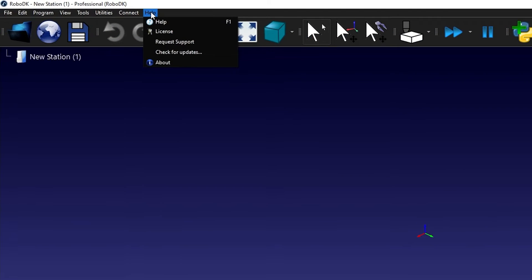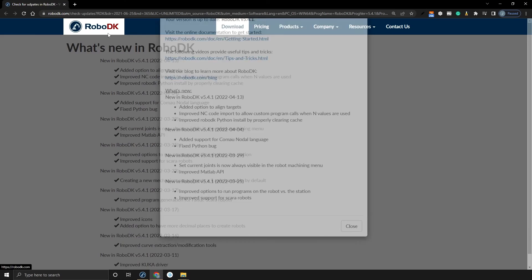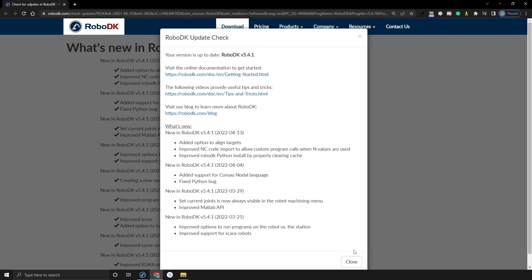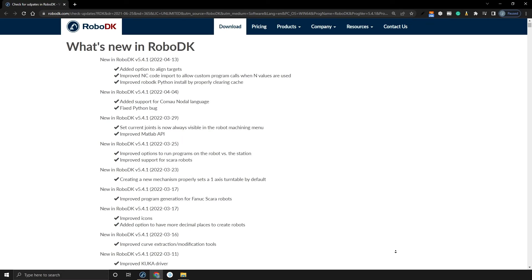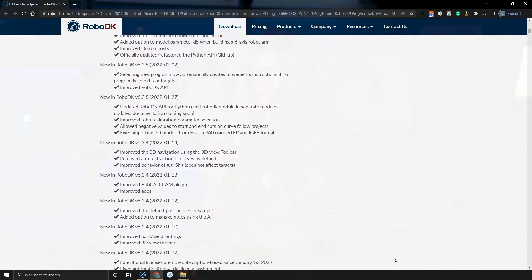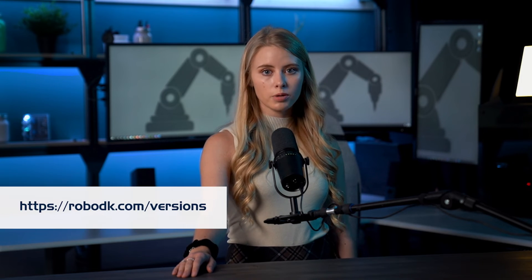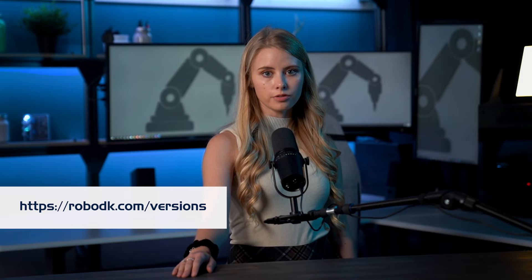If you update RoboDK one year after your purchase, but you did not renew maintenance, you will not be able to use your license. If that's the case, you must renew maintenance or revert back to an older version of RoboDK.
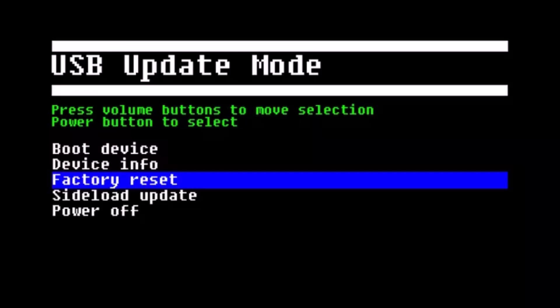In this case, you have to use the volume buttons to navigate because the controller is not going to work. Use volume up and down buttons to navigate, and then you can use the power button to press OK. Just navigate to the Factory Reset section.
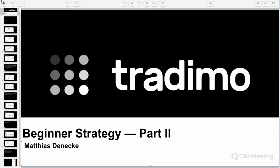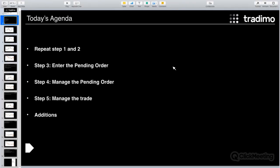Hello everyone, this is Matthias from Tradermo and today the story continues — beginner strategy part two. Can you hear me and see my screen clearly? Just a little feedback at the beginning would be appreciated. Hello, yes I can hear you — cool, thanks for your feedback. You can ask all your questions during the session and I will have a look at the chat box, as my co-host Timo Koban is not with me today, but I have an eye on the chat box.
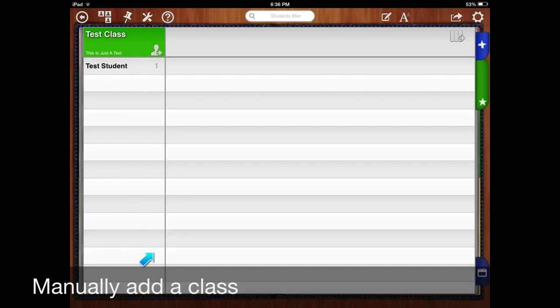However, if you teach multiple classes, this manual method may not be the best way to get all your students into your classes.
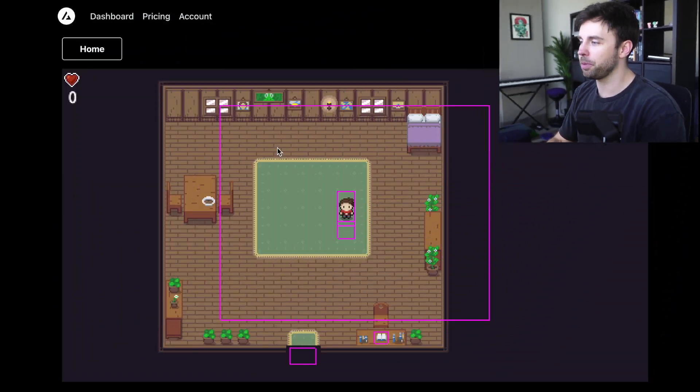Hey YouTube, what's up? Welcome back to another video. This week I want to show you how I built a dialogue system for my 2D Phaser RPG.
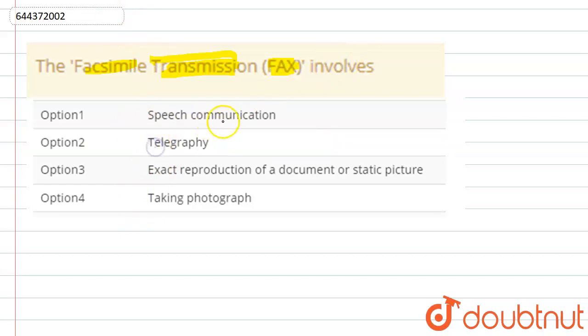Option 1 says speech communication. No, it does not involve speech communication. Option 2 says telegraphy. No.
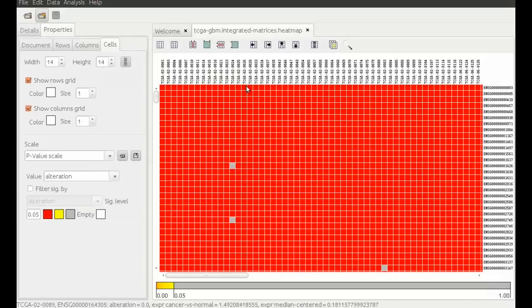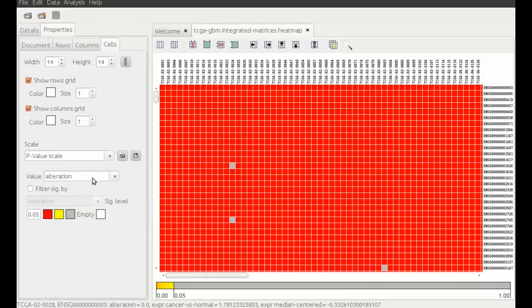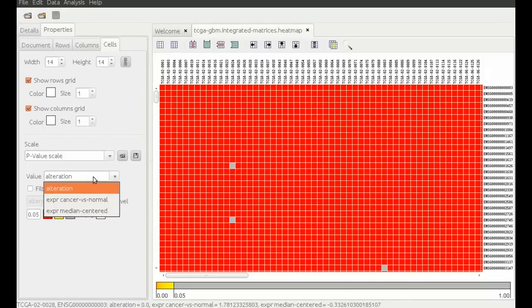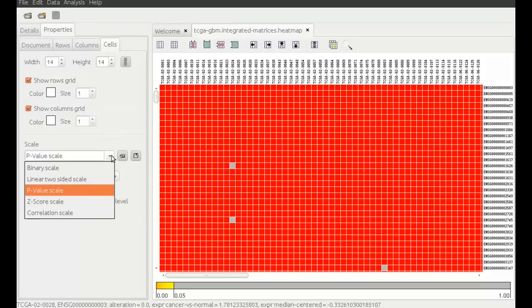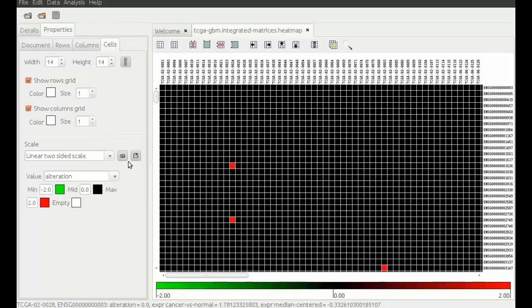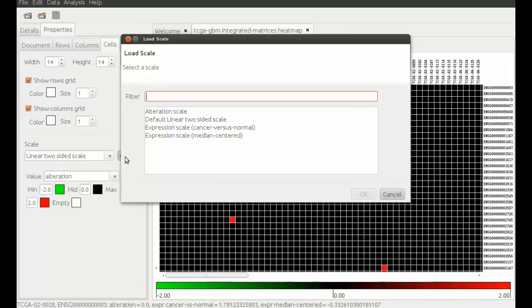In the properties panel to the left, you can adjust which value dimension you want to visualize. In this multidimensional matrix, we have alteration and two different expression values per patient and gene.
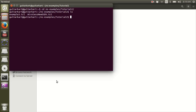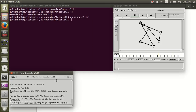Any NS2 file has an extension dot TCL, which stands for Tool Command Language. The syntax of NS2 is written in OTCL, which is object-oriented TCL. In order to run this file, you need to open the terminal window, navigate to the location of the file, and then run NS followed by the file name.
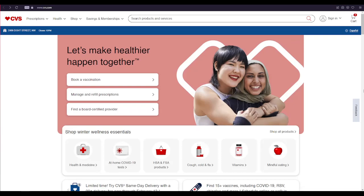Hi everyone, welcome to our new video. In today's video, I'm going to show you how to log into your CVS account.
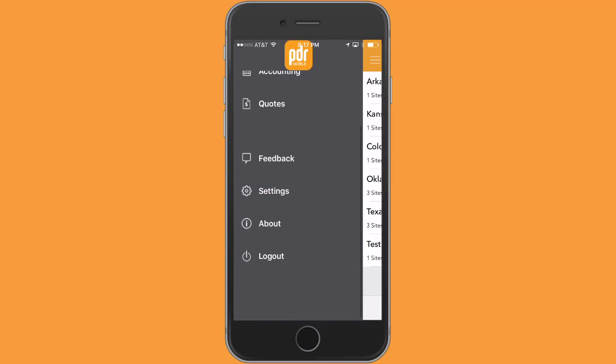Hi, this is Pete with PDR Mobile. I'm going to do a video tutorial today on projects. This is going to be one of several videos, and today's video is going to focus on just setting up a project and a project site. I'll have some other videos on how to really leverage the use of projects within the app.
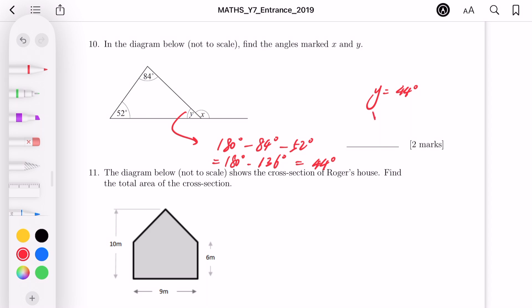As for x: x plus y forms a straight line, so x plus y equals 180 degrees. Therefore x equals 180 minus 44, which is 136 degrees. And that's how we find angles x and y.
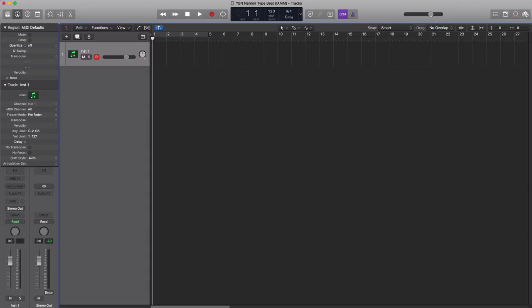Hey YouTube, it's Adam from AMA Music Mogul and today's tutorial we'll be making a beat for YBN Namir. So let's get straight to it.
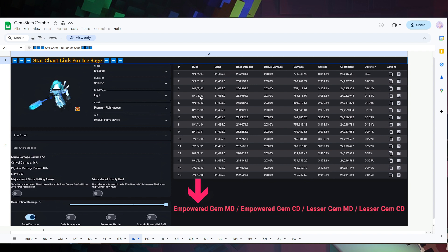A couple things to mention: if you don't know how to read anything here, I've talked about this in my previous gem videos a couple years back. But basically, the first two stats you want to look at are your Empower Gem — so that's going to be Magic Damage, like for Ice Age it's Magic Damage, or Physical Damage for a physical character — and the second one is going to be Crit Damage. This is for your Empower Gem, so keep that in mind.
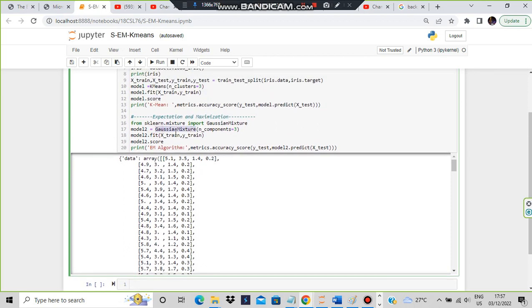For expectation maximization, use GaussianMixture. Create a second model, fit it, and find the score. At the end, compare the scores of both methods.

> Problem description
Would you set down the listing exactly, omitting pictures?

> Expected output
If you update RoboDK one year after your purchase, but you did not renew maintenance, you will not be able to use your license. If that's the case, you must renew maintenance or revert back to an older version of RoboDK.
In this case, you have to use the volume buttons to navigate because the controller is not going to work. Use volume up and down buttons to navigate, and then you can use the power button to press OK. Just navigate to the Factory Reset section.
Hello everyone, this is Matthias from Tradermo and today the story continues — beginner strategy part two. Can you hear me and see my screen clearly? Just a little feedback at the beginning would be appreciated. Hello, yes I can hear you — cool, thanks for your feedback. You can ask all your questions during the session and I will have a look at the chat box, as my co-host Timo Koban is not with me today, but I have an eye on the chat box.
However, if you teach multiple classes, this manual method may not be the best way to get all your students into your classes.
Hey YouTube, what's up? Welcome back to another video. This week I want to show you how I built a dialogue system for my 2D Phaser RPG.
Option 1 says speech communication. No, it does not involve speech communication. Option 2 says telegraphy. No.
In the properties panel to the left, you can adjust which value dimension you want to visualize. In this multidimensional matrix, we have alteration and two different expression values per patient and gene.
Any NS2 file has an extension dot TCL, which stands for Tool Command Language. The syntax of NS2 is written in OTCL, which is object-oriented TCL. In order to run this file, you need to open the terminal window, navigate to the location of the file, and then run NS followed by the file name.
Hi everyone, welcome to our new video. In today's video, I'm going to show you how to log into your CVS account.
Hi, this is Pete with PDR Mobile. I'm going to do a video tutorial today on projects. This is going to be one of several videos, and today's video is going to focus on just setting up a project and a project site. I'll have some other videos on how to really leverage the use of projects within the app.
As for x: x plus y forms a straight line, so x plus y equals 180 degrees. Therefore x equals 180 minus 44, which is 136 degrees. And that's how we find angles x and y.
Hey YouTube, it's Adam from AMA Music Mogul and today's tutorial we'll be making a beat for YBN Namir. So let's get straight to it.
A couple things to mention: if you don't know how to read anything here, I've talked about this in my previous gem videos a couple years back. But basically, the first two stats you want to look at are your Empower Gem — so that's going to be Magic Damage, like for Ice Age it's Magic Damage, or Physical Damage for a physical character — and the second one is going to be Crit Damage. This is for your Empower Gem, so keep that in mind.
For expectation maximization, use GaussianMixture. Create a second model, fit it, and find the score. At the end, compare the scores of both methods.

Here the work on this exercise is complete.